= Fulfillment by Amazon =

Order fulfillment service

Fulfillment by Amazon (FBA) is an order fulfillment service operated by Amazon that allows third-party sellers to outsource storage, packing, shipping, returns processing, and customer service to Amazon's fulfillment network.

==History==
Fulfillment by Amazon was launched on September 19, 2006, alongside WebStore by Amazon. The service expanded Amazon's third-party marketplace by allowing businesses to use Amazon's warehouse and logistics infrastructure for order fulfillment.

In the following years, FBA expanded internationally through programs including FBA Export, Pan-European FBA, and the European Fulfilment Network (EFN), which enabled sellers to distribute inventory across multiple Amazon marketplaces. Amazon also introduced Multi-Channel Fulfillment (MCF), allowing sellers to use FBA inventory to fulfill orders placed through external sales channels such as Shopify.

In 2018, Amazon introduced the Inventory Performance Index (IPI), a scoring system measuring seller inventory efficiency. By 2020, sellers had used FBA to fulfill more than 5.5 billion orders in the United States.

Later, Amazon revised its FBA fee structure by introducing an inbound placement service fee for splitting up an inventory across multiple warehouses, a fee for sellers with low inventory relative to customer demand, and updated aged inventory surcharges or "long-term storage fees", while reducing standard fulfillment fees for standard-size products by an average of US$0.20 per unit.
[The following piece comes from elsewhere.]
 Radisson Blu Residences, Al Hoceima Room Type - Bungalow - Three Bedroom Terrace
In 2025, Amazon announced it would discontinue U.S. FBA prep and labeling services effective January 1, 2026, requiring inventory to arrive fully prepared and labeled. In the same year, Amazon also launched its Recommended Prep Service Providers program, which includes MyFBAPrep, a provider with more than 85 million square feet of U.S. warehouse space.
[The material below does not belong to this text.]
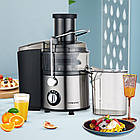Електрична соковижималка 4в1, 800Вт, SK-4009 / Соковижималка відцентрова / Електросоковижималка для дому, фото 5
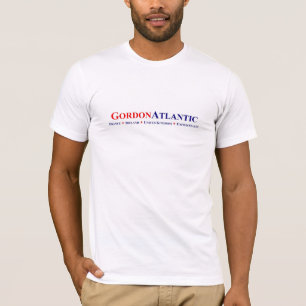 T-shirt Logo transatlantique atlantique de Gordon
In 2026, Amazon announced Amazon Supply Chain Services (ASCS), which expanded Amazon's freight, distribution, fulfillment, and parcel shipping infrastructure to businesses not selling on Amazon's marketplace.

==Operations==
FBA operates on a fee-based model in which sellers ship inventory to Amazon fulfillment centers, where Amazon stores products and manages picking, packing, shipping, returns, and customer service after orders are placed. Amazon also offers optional prep and labeling services for products requiring additional preparation through a Recommended Prep Service Providers program.

FBA fees include per-unit fulfillment fees based on product size and weight, monthly storage fees based on cubic footage, inbound placement service fees, aged inventory surcharges for goods stored longer than 181 days, and low-inventory-level fees. Storage capacity is managed through the Inventory Performance Index, which scores sellers from 0 to 1,000 using metrics related to excess inventory, stranded inventory, and in-stock rates.

Through Pan-European FBA, sellers can store inventory in France, Germany, Italy, Spain, or Poland, while Amazon redistributes inventory among participating countries based on projected demand.